Career ‘lower lights’...
- Having to turn down a two-week performance project with a dance company I admired. I’d not long graduated and it was an unpaid opportunity. I had accommodation in place staying with family, but the travel costs and loss of income for two weeks wasn’t a feasible option for me to self-fund. I still remember making the phone call to say I had to turn the offer down.
- Receiving unsolicited feedback, particularly once at a point in time when exhaustion was setting in after an intense year. Find your mentors, your advocates and your support network and trust and listen to them. The rest is just noise.
- Covid interrupting the making of my solo work In My Head. It was a two year gestation period to get to the final making stages, which was possible off the back of a year of step-change activity researching, travelling and all the personal investment and risk that comes with that. A positive out of this though is the inspiring conversations I’m having with artists making work right now and finding innovative ways to continue to develop work in extraordinary times.

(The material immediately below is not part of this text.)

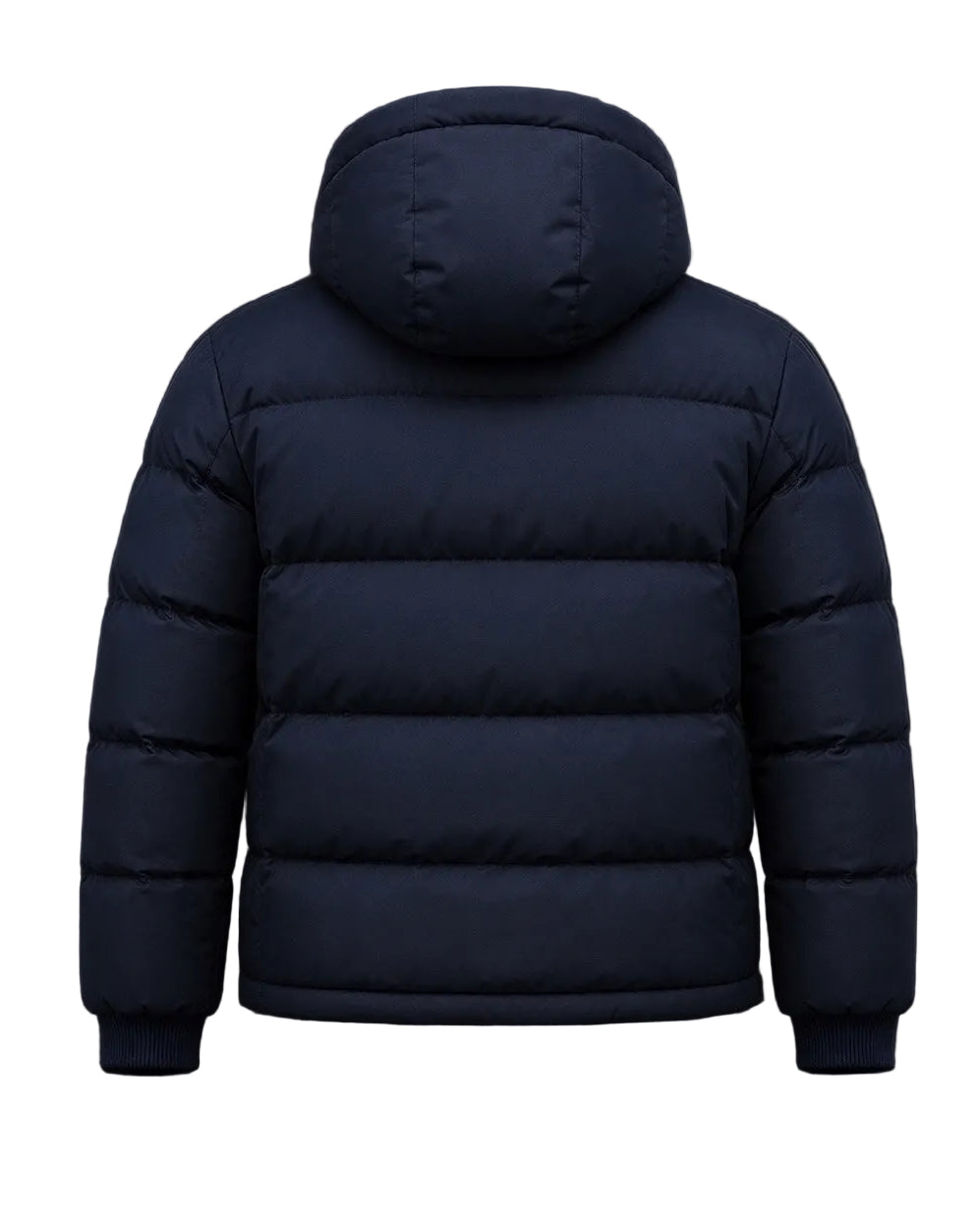 House of Loren navy puffer jacket back view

Some things not in my bio...
I grew up in a small market town on the outskirts of Birmingham in a single-parent family. Outside of school I trained in acrobatics and musical theatre travelling up and down the country competing from pretty much as soon as I could walk to the age of 18, when after listening to my gut and instinct I pursued my training at contemporary dance at Bretton Hall College of Arts. Coming from a working-class background, my understanding of the arts, access to networks and guidance about how to make a career in contemporary dance, in particular, was pretty much non-existent. I didn’t discover dance conservatoires existed until the first year of my degree, and my point of reference for contemporary dance until HE was only late-night TV airings of Rambert Dance on Channel 4. Studying at Bretton Hall meant my first year living in halls on campus was in the grounds of the Yorkshire Sculpture Park; the most extraordinary experience. My time at Bretton hugely influenced my natural curiosity for working collaboratively, across disciplines and within landscapes.
From my teenage years through my 20's I regularly worked many, many hours in casual jobs. To anyone currently working in supermarkets, shops, bars, or any other non-creative work - keep going. This doesn’t define you or your talent, skillset or potential as an artist in the field of dance. Time spent away from dance can galvanise a renewed passion, clarity and vision for your professional work.